Wittenberg is a small East German town quite close to Berlin. It's most famous, of course, as being the place where Martin Luther, according to legend, nailed his 95 Theses (g) to the door of the Schlosskirche (Castle Church). Wittenberg was a university town before that, and remained one for generations. Many of the houses in the city center bear large white plaques with the names of famous scholars who lived or taught there. Wittenberg University has now been absorbed into the Martin Luther University of Wittenberg-Halle (g), and, judging by the how utterly mouse-dead it was on a Saturday night (to Englishize a German expression), all of the student life seems to have decamped for Halle.
The town apparently built a shiny new visitors' center after the Wall fell, anticipating an influx of protestant tourists which doesn't seem to have materialized. Wittenberg is nevertheless filled with Reformation-related museums and Luther-kitsch. You can visit the permanent exhibition on Luther's life, and the house where his colleague, Philip Melancthon, lived and worked (Melancthon's original name was Schwartzerdt, or 'black earth', he later 'grecianized' it into Melanchthon). Local stores sell 'Luther Burps' schnapps, Luther beer, and Luther bread. As you see in the slideshow, you can even get 'lutheran food' in Wittenberg (bland and rigid?). Martin Luther marital aids are apparently so common that we saw one discarded near a construction site.
What's odd about Wittenberg is the cheek-by-jowl juxtapositions in the city center. You'll pass a row of trendy shops in carefully-restored buildings, and then encounter an abandoned, boarded-up hulk. A faded legend identifies the building as a former soap store or brewhouse, but the bottom floor is now encrusted with tattered posters, and the windows on the upper floors are shattered. The alleys and courtyards around these buildings offer numerous poignant still-lives of decay and abandonment. One building featured an impressive set of deer antlers nailed atop an ancient-looking carved-wood deer head, presumably the former emblem of a pub, or taxidermist or hunting shop.

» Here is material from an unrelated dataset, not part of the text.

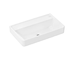 Hansgrohe Xanuia Q - Umyvadlo 65x39 cm, bez přepadu, bez otvoru pro baterii, SmartClean, bílá 61131450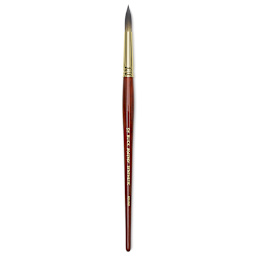 Blick Master Short Handle Synthetic Brush - Round, Size 12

Signs of East German material culture, such as Barkas trucks (g) (the 'Mercedes of East Germany', the owner proudly informed us) and typical elongated-oval streetlamps, are everywhere. Not to mention the 'Kramladen' (junk store) that offered 'Soviet childrens' gas masks' and displayed an Obama 'yes we can' T-shirt with a gun muzzle pointing at it. The local Sparkasse Bank was recently vandalized, leaving an oddly beautiful pattern of fracture planes in the front windows. Graffiti was everywhere, much of it of thoughtful or enigmatic.
Overall, Wittenberg left a somewhat somber and desolate impression, despite the fine churches and friendly people. Perhaps it's more inviting in the summer…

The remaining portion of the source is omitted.